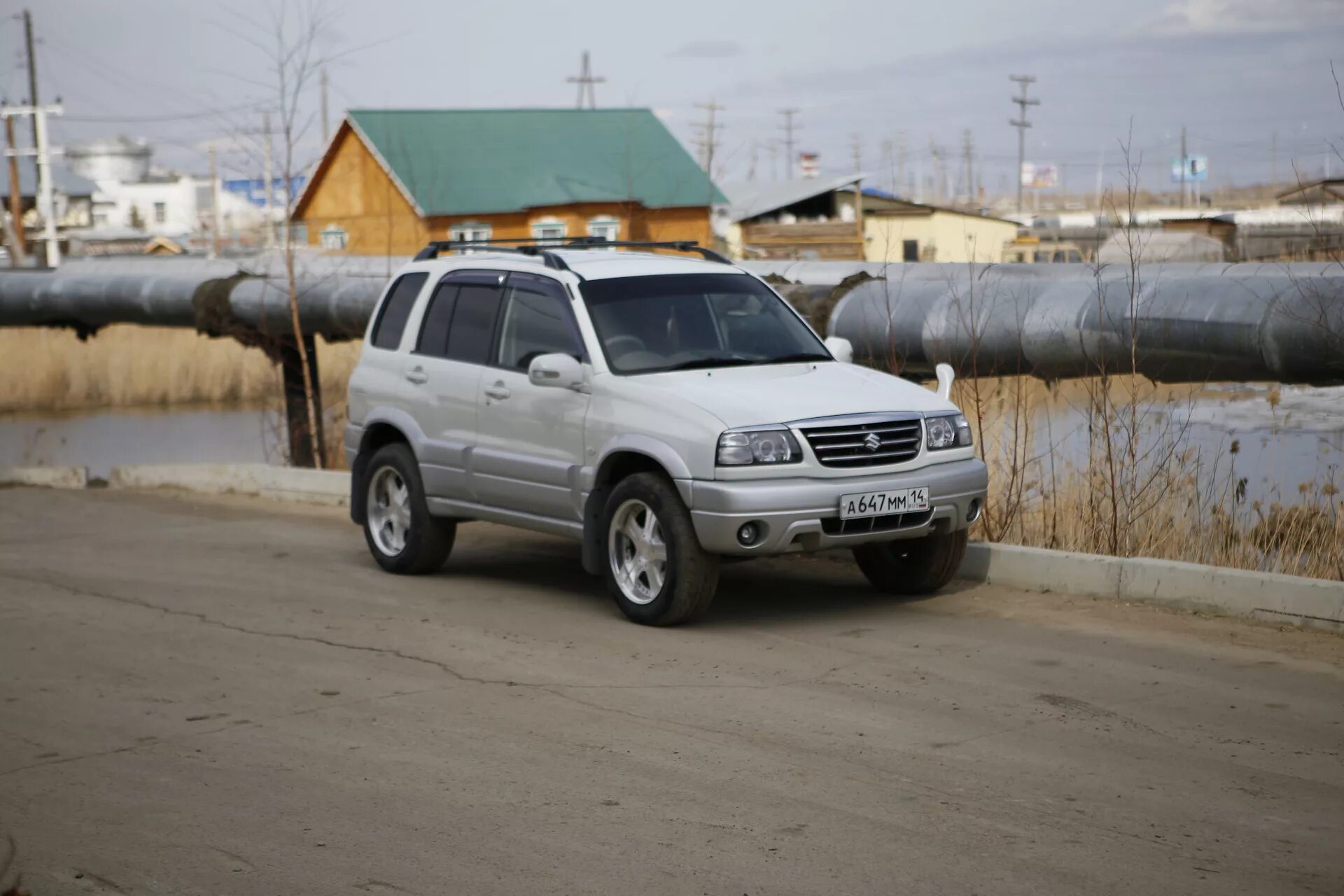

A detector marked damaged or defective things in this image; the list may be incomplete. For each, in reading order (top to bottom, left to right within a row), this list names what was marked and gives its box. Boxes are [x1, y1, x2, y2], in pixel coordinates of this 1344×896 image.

cracked pavement [0, 491, 1338, 896]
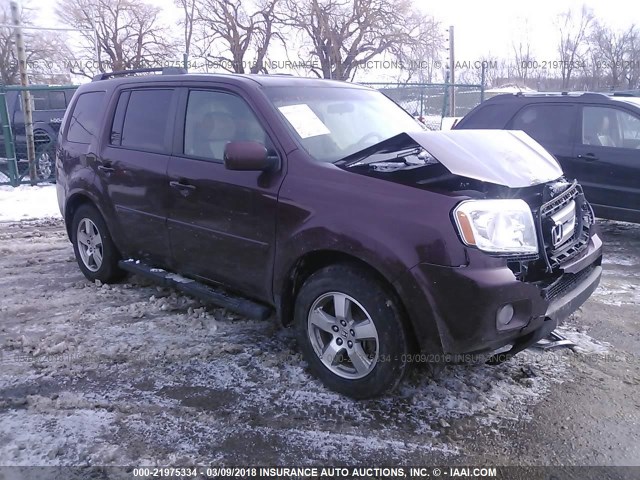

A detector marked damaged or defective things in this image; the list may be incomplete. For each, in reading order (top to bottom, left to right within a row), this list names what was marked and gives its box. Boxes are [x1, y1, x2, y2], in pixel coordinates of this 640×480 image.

cracked headlight [452, 200, 536, 255]
damaged front bumper [392, 231, 604, 358]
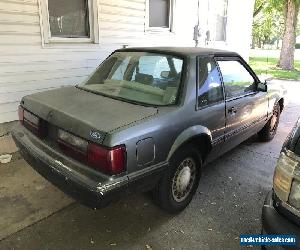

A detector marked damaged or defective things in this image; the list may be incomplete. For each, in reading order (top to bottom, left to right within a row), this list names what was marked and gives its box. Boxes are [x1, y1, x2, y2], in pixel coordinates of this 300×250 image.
**********
- [Activity] Restate exactly the lines that start at the "this 640×480 image." line and end with the last line of the material above, leaving out the pictures.

- [Your response]
A detector marked damaged or defective things in this image; the list may be incomplete. For each, in reading order (top to bottom, left to right within a row), this list names what was marked and gives its box. Boxes are [x1, y1, x2, y2], in pixel coordinates of this 640×480 image.

cracked headlight [452, 200, 536, 255]
damaged front bumper [392, 231, 604, 358]

A detector marked damaged or defective things in this image; the list may be incomplete. For each, in reading order (top to bottom, left to right within a row), this list names what was marked and gives its box. Boxes are [x1, y1, x2, y2], in pixel coordinates of this 300×250 image.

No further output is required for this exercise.